Ein schönes Wohlfühl-Kochbuch ganz ohne erhobenen Finger mit sehr spannenden Rezepten, die kulinarisch einige Überraschungen bieten. So macht „Essen, um zu leben“ Spaß, und ganz nebenbei erfährt man noch die Grundlagen der chinesischen 5-Elemente-Ernährung.

Nachgekochte Rezepte:

Spätsommerliche Vollmondnacht – Wärmende Suppe aus Wurzelgemüse und Esskastanien
Kastanien und Walnüsse harmonisch vereint mit Apfel, Möhre, Süßkartoffel, Orange, Fenchel, zahlreichen Gewürzen und Kräutern (Salbei!) sowie Zitronengras und Chili. Fusion at its best!
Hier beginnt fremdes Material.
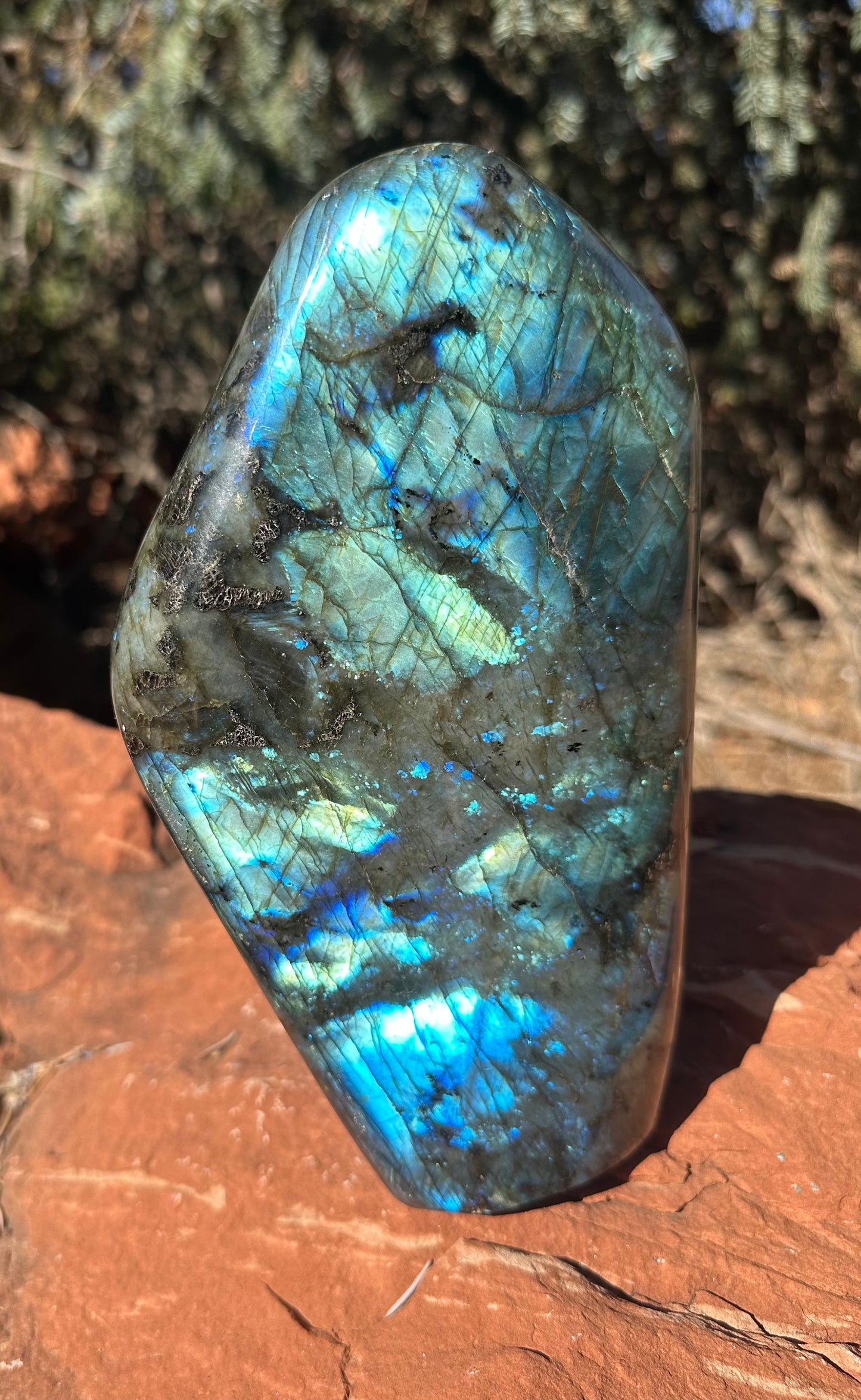 Labradorite Free Form LB363
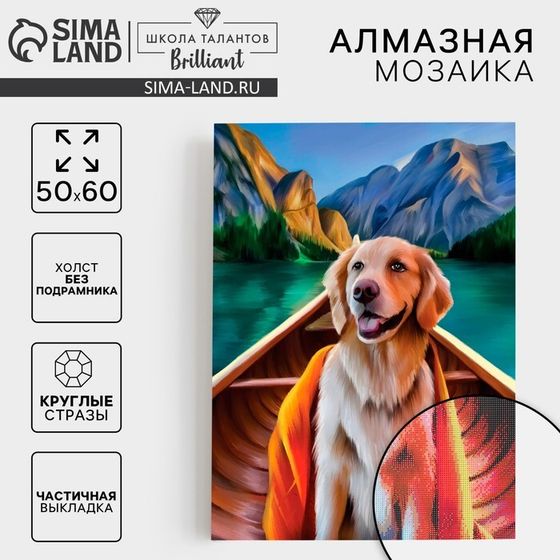 Алмазная мозаика с частичным заполнением на холсте «Пёс в лодке», 50 x 60 см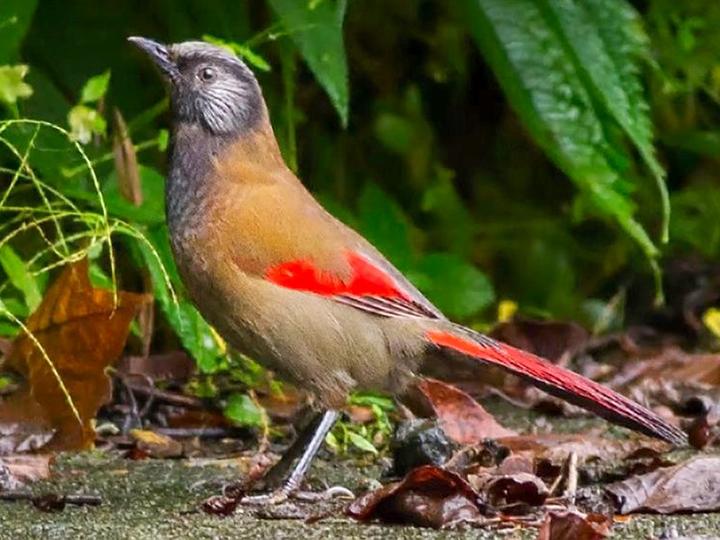 Red-winged Laughingthrush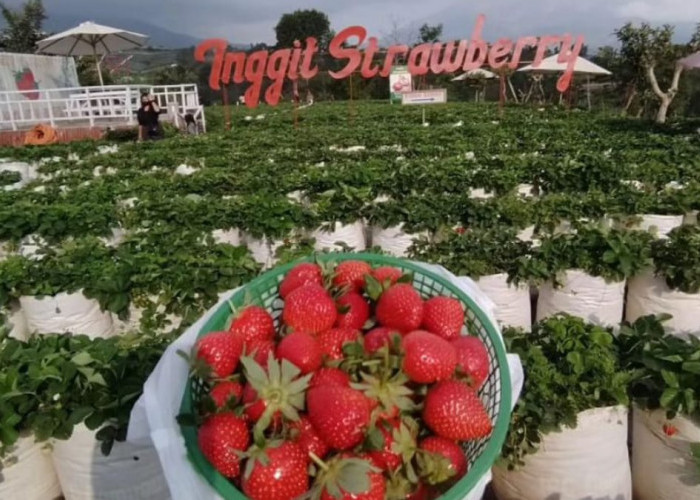 Serunya Kebun Inggit Strawberry Magelang Bisa Petik Langsung Buah Strawberry dari Kebunnya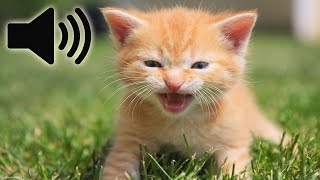 Download lagu SUARA ANAK KUCING MEMANGGIL INDUKNYA mp3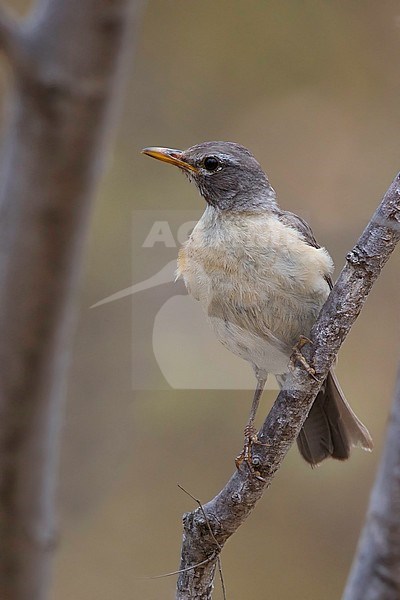 San Lucas Robin (Turdus (migratorius) confinis) in Baja California, Mexico. stock-image by Agami/Dubi Shapiro,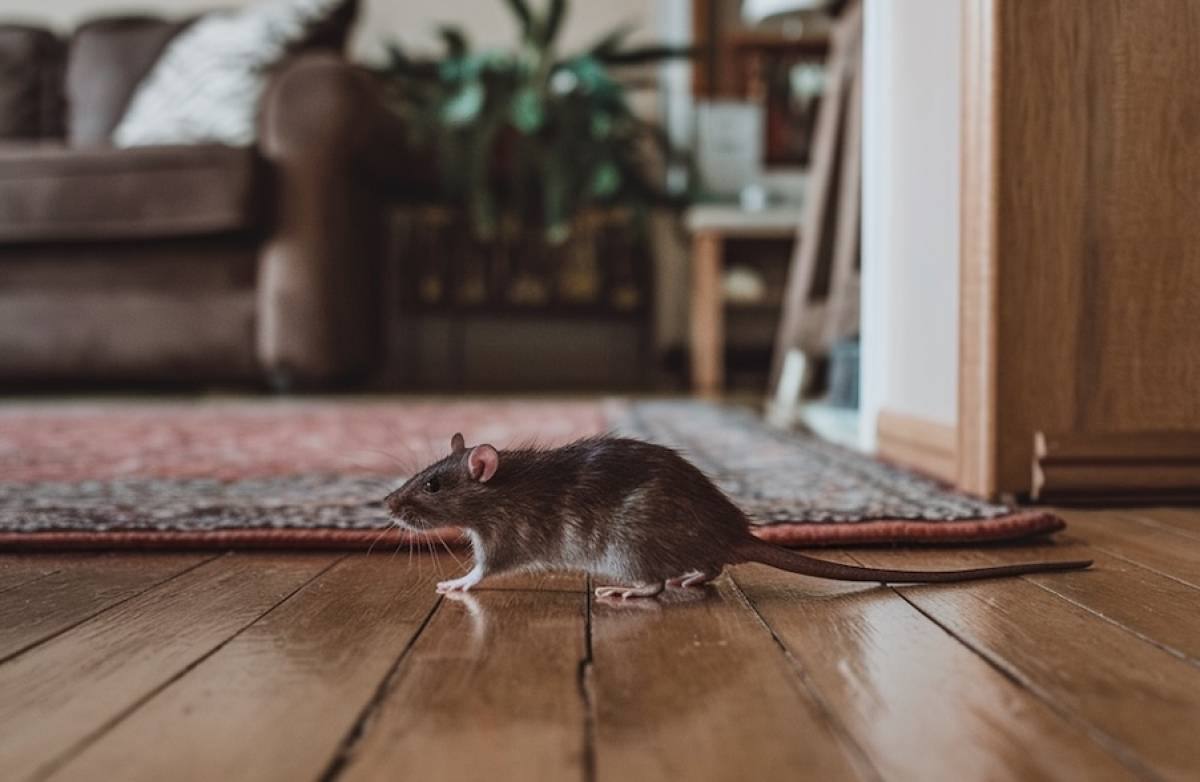 Hidden Danger in Your Home: How One Rodent Can Lead to a Catastrophe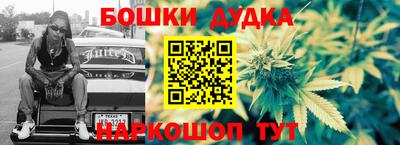PSILOCYBIN Гудермес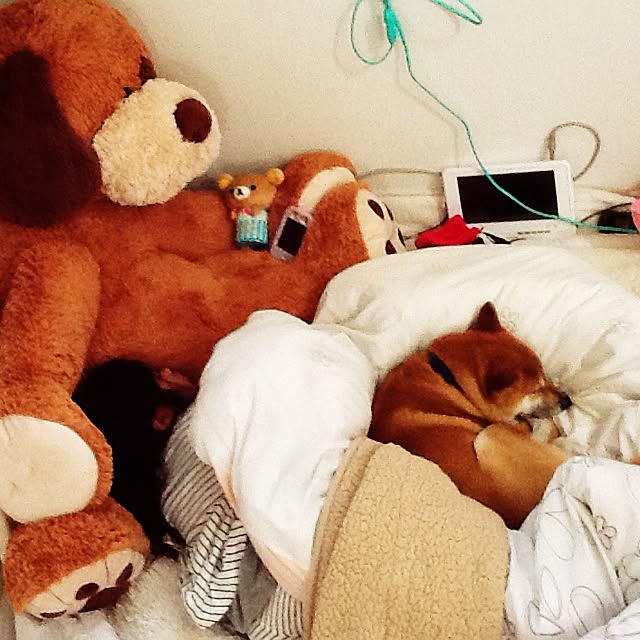kotaさんの実例写真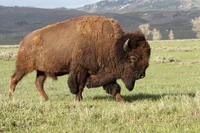 american bison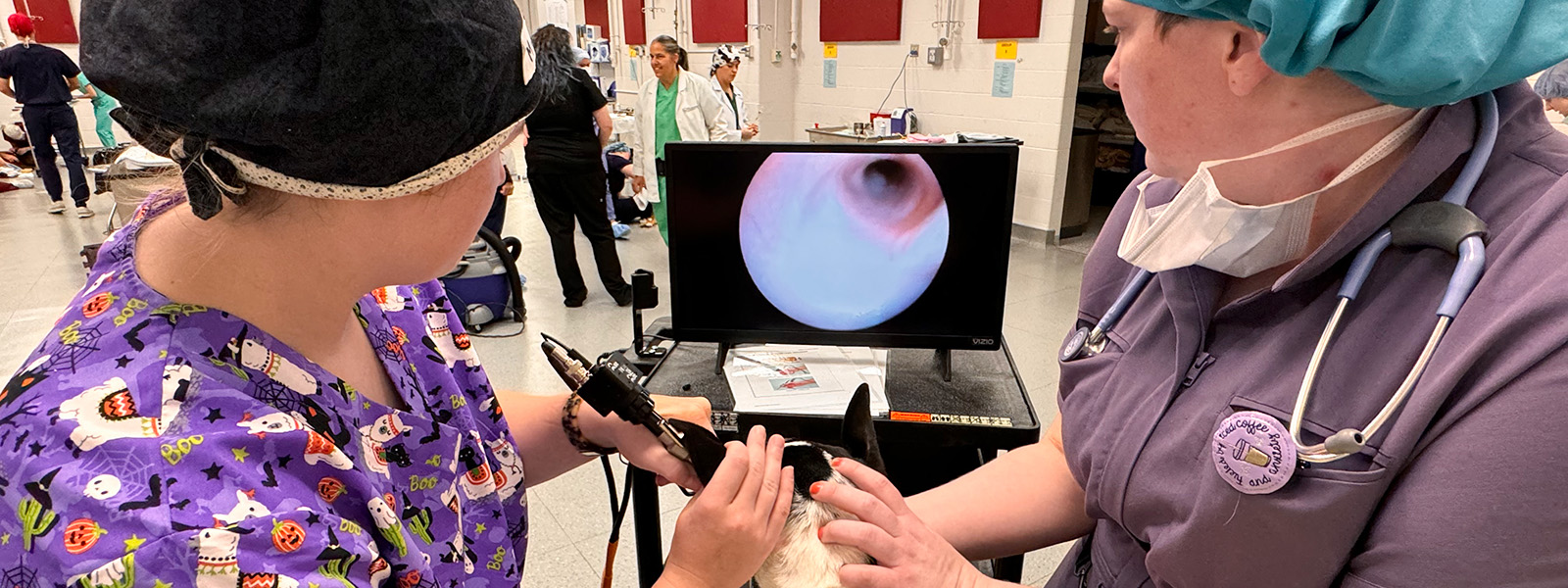 veterinary students using video otoscope on dog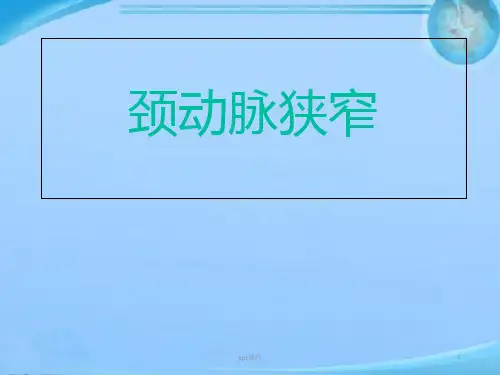 颈动脉狭窄健康教育  ppt课件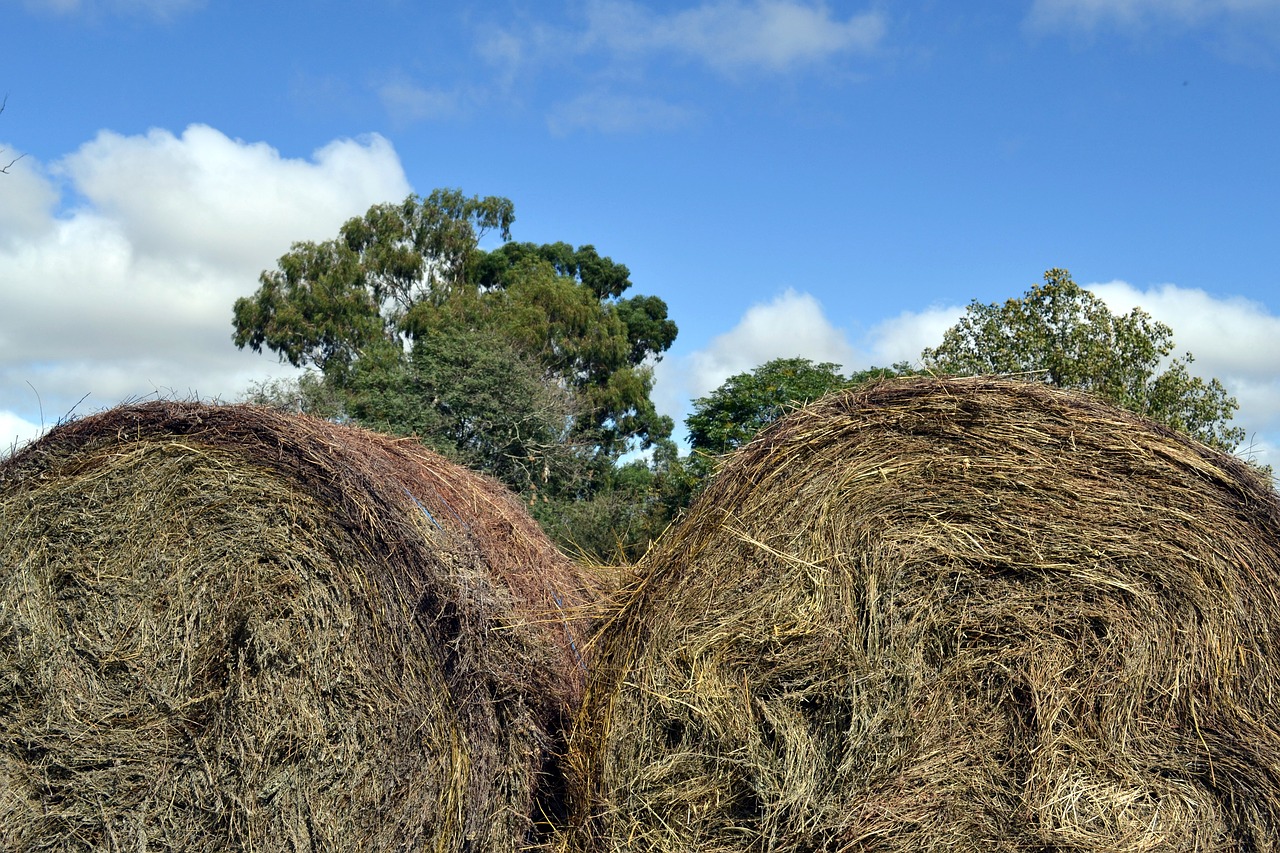 hay farm barn free photo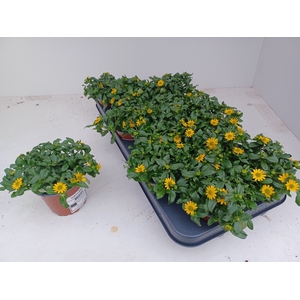 SANV PROCUMBENS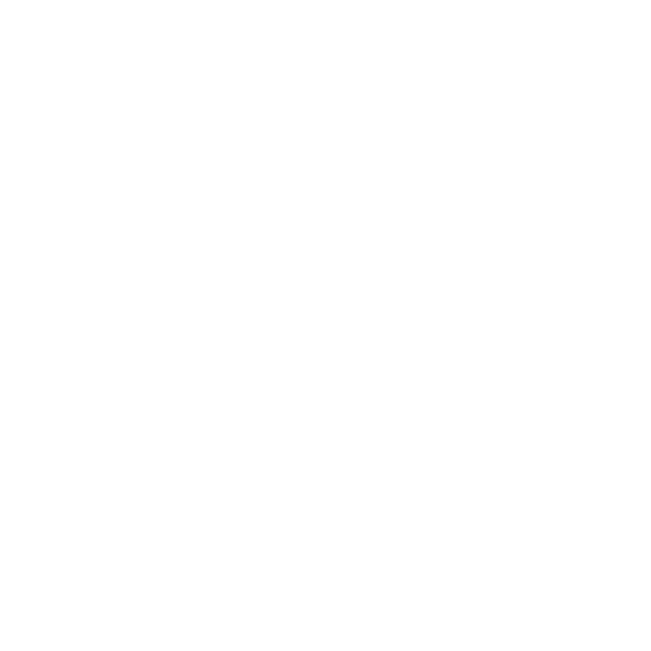 Logo NINERS Chemnitz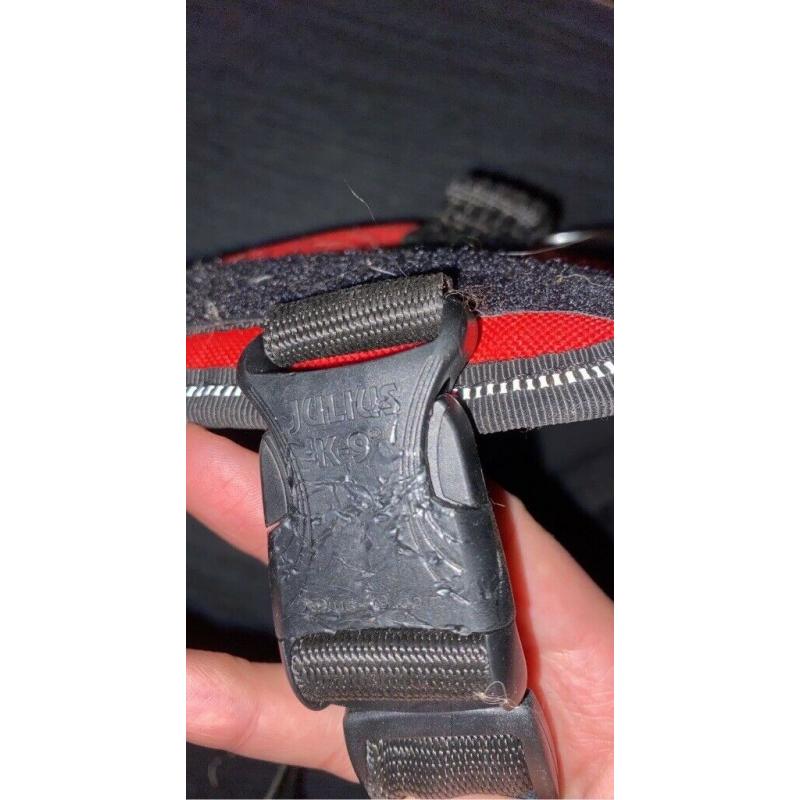 Julius K9 Mini Harness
Sonnenuntergang am weißen Fluss – Lauwarme Rote-Bete-Suppe mit Pinienkernen
Eine schnelle Suppe, für die vorgekochte Rote Bete zum Einsatz kommt. Auch hier ist wieder alles dabei: Getreide (Buchweizenschrot), Limettensäure, Pinienkerne, Rucola und Ingwer, Gewürze wie Sternanis und Zimt. Da bleibt garantiert nichts übrig!